I'm trying to create StructType Schema for below JSON
{
"countries":{
"country":[
{
"area":9596960,
"cities":{
},
"name":"China",
"population":1210004992
},
{
"area":3287590,
"cities":{
},
"name":"India",
"population":952107712
},
{
"area":9372610,
"cities":{
"city":[
{
"name":"New York",
"population":7380906
},
{
"name":"Los Angeles",
"population":3553638
},
{
"name":"Chicago",
"population":2721547
},
{
"name":"Detroit",
"population":1000272
}
]
},
"name":"United States",
"population":266476272
},
{
"area":1919440,
"cities":{
"city":[
{
"name":"Jakarta",
"population":8259266
},
{
"name":"Surabaya",
"population":2483871
},
{
"name":"Bandung",
"population":2058649
},
{
"name":"Medan",
"population":1730752
},
{
"name":"Semarang",
"population":1250971
},
{
"name":"Palembang",
"population":1144279
}
]
},
"name":"Indonesia",
"population":206611600
}
]
}
}
I'm doing below code to get all countries name
DataTypes.createStructField("countries", (new StructType()).add(DataTypes.createStructField("country",
(new StructType()).add(DataTypes.createStructField("name", DataTypes.StringType, true)), true)), true)
But when am running below to get all country names
Dataset<Row> namesDF = spark.sql("SELECT countries FROM country");
namesDF.show();
I'm getting nulls
, May I know please how to parse Json fields to get values using StructType ..?
The am doing, Is it the correct way of doing it ..? I'm trying to get country names from above JSON
Update:
Code:
static final StructType SCHEMA = new StructType(new StructField[] {
DataTypes.createStructField("countries",
new StructType().add(DataTypes.createStructField("country",
new ArrayType(new StructType()
.add(DataTypes.createStructField("name", DataTypes.StringType, true)), true),
true)),
true) }
);
}
Entry Point
Dataset<Row> ds = spark.read().schema(Jsonreadystructure.SCHEMA)
.json(context.getProperty(GlobalConstants.ReadyJsonFile));
ds.printSchema();
ds.createOrReplaceTempView("country_data");
ds.sqlContext().sql("SELECT country.name FROM country_data lateral view explode(countries.country) t as country").show(false);
Output
root
|-- countries: struct (nullable = true)
| |-- country: array (nullable = true)
| | |-- element: struct (containsNull = true)

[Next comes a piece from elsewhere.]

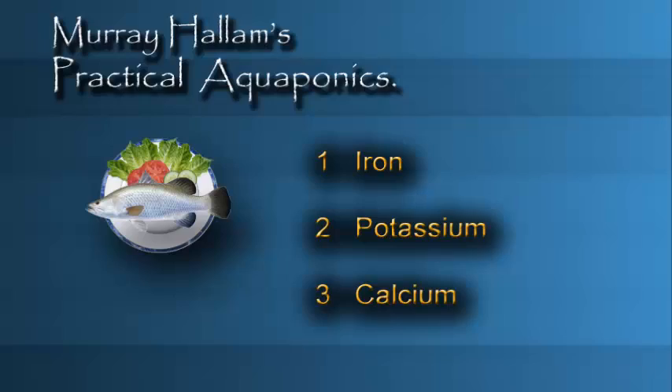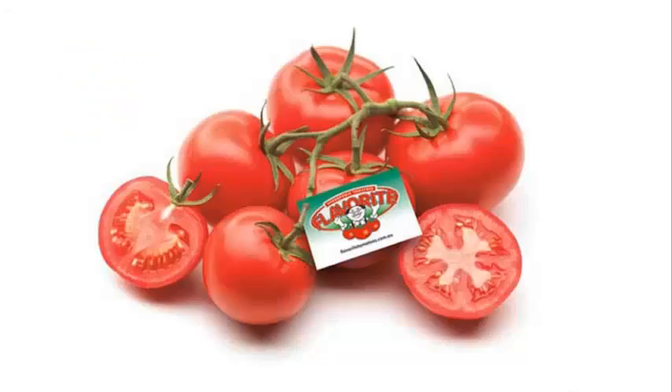When it gets down to about 6.4, we need to buffer it up. Now there are some happy coincidences here, because there are three elements that don't come easily into an aquaponic system: number one, iron; number two, potassium; and number three, calcium. These are the things we need to add, and we can add them when we're buffering our system. Today I just want to deal with one of them — adding potassium.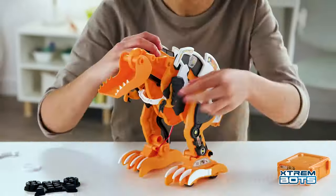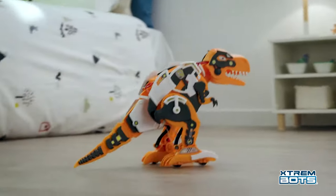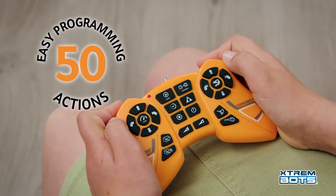Have fun building this amazing robotic dino with 150 pieces! But watch out — Rex could be on the other side, ready to show its strength! Have fun controlling or programming it from the remote control!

| | | |-- name: string (nullable = true)
+----+
|name|
+----+
+----+
Why Its showing empty name..? I'm using spark 2.4.4
Schema Discovery
root
|-- countries: struct (nullable = true)
| |-- country: array (nullable = true)
| | |-- element: struct (containsNull = true)
| | | |-- area: double (nullable = true)
| | | |-- cities: struct (nullable = true)
| | | | |-- city: string (nullable = true)
| | | |-- name: string (nullable = true)
| | | |-- population: long (nullable = true)